(Data excerpts)
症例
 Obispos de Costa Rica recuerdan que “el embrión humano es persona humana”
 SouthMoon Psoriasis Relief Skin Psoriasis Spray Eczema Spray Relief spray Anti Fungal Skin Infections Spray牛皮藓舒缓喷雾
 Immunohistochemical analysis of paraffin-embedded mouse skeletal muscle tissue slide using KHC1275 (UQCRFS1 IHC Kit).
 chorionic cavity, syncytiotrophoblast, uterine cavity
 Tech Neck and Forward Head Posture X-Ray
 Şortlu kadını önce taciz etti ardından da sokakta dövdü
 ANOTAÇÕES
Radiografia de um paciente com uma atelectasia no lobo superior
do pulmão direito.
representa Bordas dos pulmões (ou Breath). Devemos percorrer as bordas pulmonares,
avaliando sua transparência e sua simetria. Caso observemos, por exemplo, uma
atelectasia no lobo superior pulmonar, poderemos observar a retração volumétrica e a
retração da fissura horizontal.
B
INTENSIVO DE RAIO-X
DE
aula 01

WHAT THE EXERCISE ASKS: No lines before the one containing "do pulmão direito." belong in the answer; write out that line and each one after it exactly, through the end of the records.

YOUR RESPONSE:
do pulmão direito.
representa Bordas dos pulmões (ou Breath). Devemos percorrer as bordas pulmonares,
avaliando sua transparência e sua simetria. Caso observemos, por exemplo, uma
atelectasia no lobo superior pulmonar, poderemos observar a retração volumétrica e a
retração da fissura horizontal.
B
INTENSIVO DE RAIO-X
DE
aula 01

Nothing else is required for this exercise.